Except as stated in the Offer to Purchase, this tender is irrevocable.

      The undersigned further represents and warrants that, to the extent a
certificate evidencing the Units tendered hereby (the "original certificate") is
not delivered by the undersigned together with this Letter of Transmittal, (i)
the undersigned has not sold, transferred, conveyed, assigned, pledged,
deposited or otherwise disposed of any portion of the Units, (ii) the
undersigned has caused a diligent search of its records to be taken and has been
unable to locate the original certificate, (iii) if the undersigned shall find
or recover the original certificate evidencing the Units, it will immediately
and without consideration surrender it to the Purchaser; and (iv) the
undersigned shall at all times indemnify, defend, and save harmless the
Purchaser and the Partnership (which shall be a third party beneficiary), its
successors, and its assigns from and against any and all claims, actions, and
suits, whether groundless or otherwise, and from and against any and all
liabilities, losses, damages, judgments, costs, charges, counsel fees, and other
expenses of every nature and character by reason of honoring or refusing to
honor the original certificate when presented by or on behalf of a holder in due
course or a holder appearing to or believed by the Partnership to be such, or by
issuance or delivery of a replacement certificate, or the making of any payment,
delivery, or credit in respect of the original certificate without surrender
thereof, or in respect of the replacement certificate.

- --------------------------------------------------------------------------------
FOR INFORMATION AND ASSISTANCE WITH THE OFFER, PLEASE CALL: (877) 842-2412. For
Units to be validly tendered, Limited Partners should complete and sign this
Letter of Transmittal and return it in the self addressed, postage-paid envelope
enclosed, or by Hand or Overnight Delivery to River Oaks Partnership Services,
Inc. at the address set forth on the back cover of this Letter of Transmittal or
by Facsimile to (201) 460-2889.
- --------------------------------------------------------------------------------

<PAGE>

            BEFORE SIGNING AND RETURNING THIS LETTER OF TRANSMITTAL,
                  PLEASE REFER TO THE ACCOMPANYING INSTRUCTIONS

- --------------------------------------------------------------------------------
                           SIGNATURE BOX (ALL OWNERS)
                   (See Instructions 1, 3 and 4 as necessary)

Please sign exactly as your name is printed on the front of this Letter of
Transmittal.

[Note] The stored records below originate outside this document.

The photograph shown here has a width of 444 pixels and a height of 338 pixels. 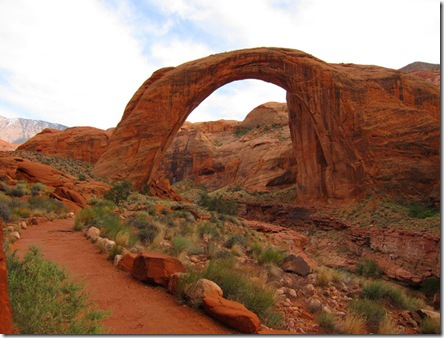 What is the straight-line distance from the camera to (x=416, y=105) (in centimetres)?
2356

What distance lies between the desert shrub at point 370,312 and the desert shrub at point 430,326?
0.85 m

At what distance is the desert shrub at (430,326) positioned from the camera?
18.1ft

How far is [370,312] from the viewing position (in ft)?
17.6

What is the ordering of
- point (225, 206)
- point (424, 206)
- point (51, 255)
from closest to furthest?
point (51, 255), point (424, 206), point (225, 206)

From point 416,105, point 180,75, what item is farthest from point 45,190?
point 416,105

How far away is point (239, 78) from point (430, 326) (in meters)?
21.9

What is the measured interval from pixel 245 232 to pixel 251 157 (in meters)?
26.2

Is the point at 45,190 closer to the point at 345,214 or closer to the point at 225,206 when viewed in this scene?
the point at 225,206

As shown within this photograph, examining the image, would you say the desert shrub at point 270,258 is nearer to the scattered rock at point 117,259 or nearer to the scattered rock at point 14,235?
the scattered rock at point 117,259

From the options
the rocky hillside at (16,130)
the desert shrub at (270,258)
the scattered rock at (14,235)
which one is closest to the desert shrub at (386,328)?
the desert shrub at (270,258)

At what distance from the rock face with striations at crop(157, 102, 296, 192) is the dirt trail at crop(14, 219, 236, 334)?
27.6m

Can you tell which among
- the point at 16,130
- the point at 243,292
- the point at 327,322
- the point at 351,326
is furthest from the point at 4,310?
the point at 16,130

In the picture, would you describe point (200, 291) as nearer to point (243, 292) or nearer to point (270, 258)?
point (243, 292)

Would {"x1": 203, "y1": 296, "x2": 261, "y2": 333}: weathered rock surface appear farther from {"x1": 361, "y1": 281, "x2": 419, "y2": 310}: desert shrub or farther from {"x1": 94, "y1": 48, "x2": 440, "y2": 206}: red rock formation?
{"x1": 94, "y1": 48, "x2": 440, "y2": 206}: red rock formation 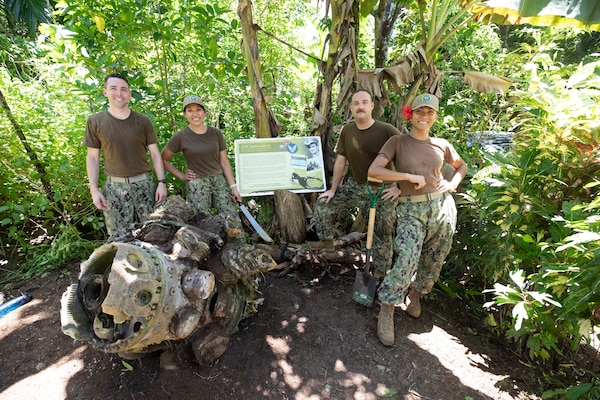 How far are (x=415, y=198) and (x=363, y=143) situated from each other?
2.65 feet

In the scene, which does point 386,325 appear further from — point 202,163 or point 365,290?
point 202,163

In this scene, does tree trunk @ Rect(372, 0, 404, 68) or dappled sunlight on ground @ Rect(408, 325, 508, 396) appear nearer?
dappled sunlight on ground @ Rect(408, 325, 508, 396)

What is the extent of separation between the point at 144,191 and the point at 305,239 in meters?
2.15

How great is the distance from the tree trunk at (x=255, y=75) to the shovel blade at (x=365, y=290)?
2.25 metres

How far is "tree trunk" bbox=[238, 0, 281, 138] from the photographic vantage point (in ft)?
12.0

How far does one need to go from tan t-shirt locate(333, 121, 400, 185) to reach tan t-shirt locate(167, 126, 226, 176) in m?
1.46

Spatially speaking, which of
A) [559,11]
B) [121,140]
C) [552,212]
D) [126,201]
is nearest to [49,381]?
[126,201]

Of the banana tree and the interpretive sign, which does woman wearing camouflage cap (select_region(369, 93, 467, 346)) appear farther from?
the banana tree

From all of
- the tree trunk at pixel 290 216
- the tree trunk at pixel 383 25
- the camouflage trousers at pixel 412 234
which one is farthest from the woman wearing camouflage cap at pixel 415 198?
the tree trunk at pixel 383 25

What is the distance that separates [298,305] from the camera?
313cm

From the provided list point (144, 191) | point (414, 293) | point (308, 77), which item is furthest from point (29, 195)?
point (308, 77)

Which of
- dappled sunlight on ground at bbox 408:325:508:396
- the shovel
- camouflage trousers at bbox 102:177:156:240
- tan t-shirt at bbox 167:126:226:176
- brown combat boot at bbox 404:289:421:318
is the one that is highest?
tan t-shirt at bbox 167:126:226:176

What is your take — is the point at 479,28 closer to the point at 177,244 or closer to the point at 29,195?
the point at 177,244

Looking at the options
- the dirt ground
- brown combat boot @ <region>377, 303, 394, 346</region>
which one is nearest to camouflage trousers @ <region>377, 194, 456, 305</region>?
brown combat boot @ <region>377, 303, 394, 346</region> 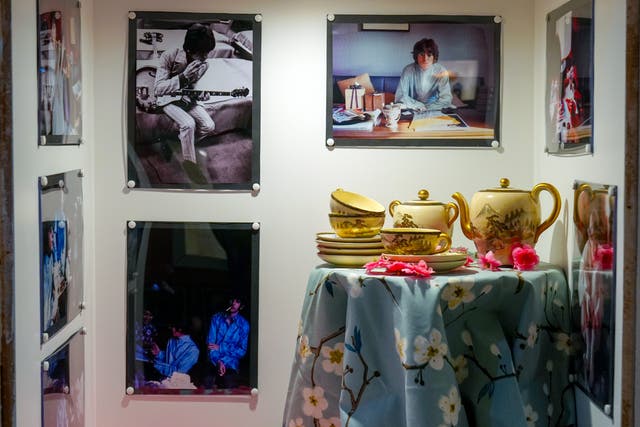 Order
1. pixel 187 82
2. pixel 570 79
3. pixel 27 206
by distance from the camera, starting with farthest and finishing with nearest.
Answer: pixel 187 82, pixel 570 79, pixel 27 206

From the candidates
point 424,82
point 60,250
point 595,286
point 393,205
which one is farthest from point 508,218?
point 60,250

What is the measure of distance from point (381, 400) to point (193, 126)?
126 centimetres

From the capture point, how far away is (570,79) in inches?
115

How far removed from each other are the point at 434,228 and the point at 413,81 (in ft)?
2.15

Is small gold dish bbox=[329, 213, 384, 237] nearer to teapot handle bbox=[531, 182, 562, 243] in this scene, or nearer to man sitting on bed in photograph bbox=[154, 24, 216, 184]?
teapot handle bbox=[531, 182, 562, 243]

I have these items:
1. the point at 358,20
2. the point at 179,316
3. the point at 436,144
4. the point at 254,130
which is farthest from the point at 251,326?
the point at 358,20

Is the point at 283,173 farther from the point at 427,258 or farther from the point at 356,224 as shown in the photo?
the point at 427,258

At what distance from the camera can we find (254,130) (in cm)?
339

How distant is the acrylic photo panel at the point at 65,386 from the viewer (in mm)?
2770

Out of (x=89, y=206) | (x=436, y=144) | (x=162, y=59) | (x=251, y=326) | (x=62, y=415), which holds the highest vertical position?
(x=162, y=59)

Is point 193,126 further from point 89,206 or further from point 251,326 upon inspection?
point 251,326

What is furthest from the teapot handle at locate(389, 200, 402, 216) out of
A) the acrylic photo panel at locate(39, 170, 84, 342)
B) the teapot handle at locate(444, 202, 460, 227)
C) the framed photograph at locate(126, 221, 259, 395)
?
the acrylic photo panel at locate(39, 170, 84, 342)

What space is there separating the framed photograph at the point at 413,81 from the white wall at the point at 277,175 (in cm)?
4

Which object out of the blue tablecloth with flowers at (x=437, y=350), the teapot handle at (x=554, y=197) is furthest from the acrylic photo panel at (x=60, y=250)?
the teapot handle at (x=554, y=197)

For joint owners, each owner must sign. (See Instruction 1.)

The signatory hereto hereby tenders the number of Units indicated in this Letter
of Transmittal to the Purchaser pursuant to the terms of the Offer and certifies
under penalties of perjury the statements in Box A, Box B, and, if applicable,
Box C. In addition, to the extent indicated above, the signatory hereto hereby
withdraws the number of Units indicated above from the Sutter Offer.

X____________________________________        X_________________________________
      (Signature)                                  (Signature)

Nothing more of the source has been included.